Hier ein Beitrag von Herrn Rechtsanwalt Kampmann aus Dortmund, der dieses Urteil erstritten und zur Verfügung gestellt hat:

Mit bemerkenswert deutlicher Begründung hat das Amtsgericht Dortmund in seinem Urteil vom 20.09.2011 – 429 C 4933/11 den Anspruch des Geschädigten auf Nutzungsausfall für 80 Tage bejaht. Der Kläger habe mehrfach auf seine fehlende Vorfinanzierungsmöglichkeit hingewiesen. Er sei auch zur Kreditaufnahme schon deshalb nicht verpflichtet gewesen, weil er wegen der streitigen Haftungsfrage nicht sicher sein konnte, überhaupt Ersatzleistungen von der Versicherung zu erhalten.

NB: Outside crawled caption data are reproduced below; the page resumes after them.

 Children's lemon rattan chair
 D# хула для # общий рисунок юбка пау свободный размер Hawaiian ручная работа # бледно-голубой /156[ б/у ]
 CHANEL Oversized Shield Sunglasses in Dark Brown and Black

Das Urteil ist auch lesenswert im Zusammenhang mit den bei der Schadensposition Nutzungsausfall häufig streitigen Punkte Nutzungswille und Kausalität.

 

Amtsgericht Dortmund

IM NAMEN DES VOLKES

Urteil

In dem Rechtsstreit

Klägers,

gegen

die DA Deutsche Allgemeine Versicherung AG, vertr. d. d. Vorstand, Oberstedter Str. 14, 61440 Oberursel,

Beklagte,

hat das Amtsgericht Dortmund
auf die mündliche Verhandlung vom 20.09.2011
durch die Richterin am Amtsgericht Dr. …
für Recht erkannt:

Die Beklagte wird verurteilt, an den Kläger 2.150,00 € nebst Zinsen in Höhe von 5 Prozentpunkten über dem Basiszinssatz aus 430,00 € vom 01.01.2011 bis 11.01.2011, aus 1.247,00 € vom 12.01.2011 bis 02.02.2011, aus 2.150,00 € vom 03.02.2011 bis 04.03.2011, aus 3.440,00 € vom 05.03.2011 bis 10.03.2011 und aus 2.150,00 € seit dem 11.03.2011 zuzahlen.

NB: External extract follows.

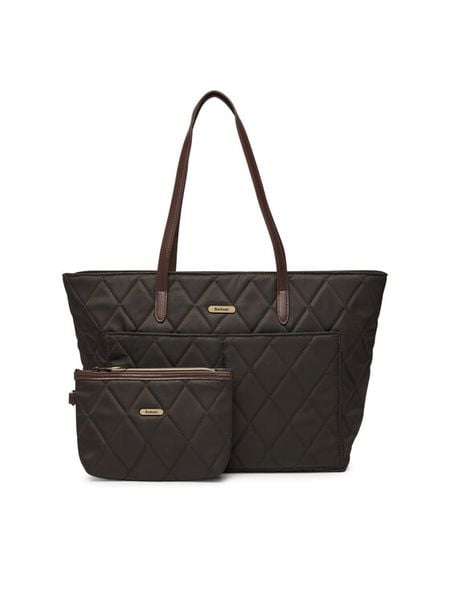 Barbour Torebka LBA0395OL75 Khaki. Brązowe shopper bag Barbour, bez wzorów, z materiału, bez dodatków. Za 524.99 zł.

Die Kosten des Rechtsstreits trägt die Beklagte. Das Urteil ist gegen Sicherheitsleistung in Höhe von 110 Prozent des zu vollstreckenden Betrages vorläufig vollstreckbar.

Tatbestand:

Der Kläger macht gegen die Beklagte Schadensersatzansprüche aus dem Verkehrsunfallereignis vom 07.12.2010 geltend. Die alleinige Einstandspflicht der Beklagten für das Unfallereignis ist inzwischen unstreitig. Allein die Kosten für die Anmietung eines Ersatzfahrzeugs hat die Beklagte dem Kläger nur teilweise ersetzt. Mit der Klage macht der Kläger restliche Nutzungsentschädigung geltend. Mit anwaltlichem Schreiben vom 16.12.2010 wurde die Beklagte zum Ausgleich von Schadensersatz und Schmerzensgeld in Höhe von 12.664,03 € mit Fristsetzung zum 31.12.2010 aufgefordert. In diesem Schreiben wird darauf hingewiesen, dass der Kläger zur Vorfinanzierung des Schadens aus eigenen Mitteln finanziell nicht in der Lage sei, dass nur durch eine zeitnahe Regulierung des Schadens bzw. die Zahlung eines kostendeckenden Vorschusses ein weitergehender Schaden, insbesondere im Hinblick auf den Ausfallschaden sowie die Standkosten, verhindert werden könne. Gleichwohl leistete die Beklagte erst am 09.02.2011 eine Zahlung in Höhe von 8.590,28 € und am 09.03.2011 in Höhe weiterer 1.340,– € Zahlung zu Händen des Prozessbevollmächtigten des Klägers. Die Weiterleitung des Schadensbetrages in Höhe von 8.590,28 € erfolgte seitens der Prozessbevollmächtigten des Klägers am 11.02.2011. Der Kläger hatte den Betrag frühestens am 13.02.2011 zur Verfügung. Sodann kümmerte er sich um die Ersatzbeschaffung eines Pkw. Am 24.02.2011 ließ der Kläger einen Ersatzwagen auf sich zu.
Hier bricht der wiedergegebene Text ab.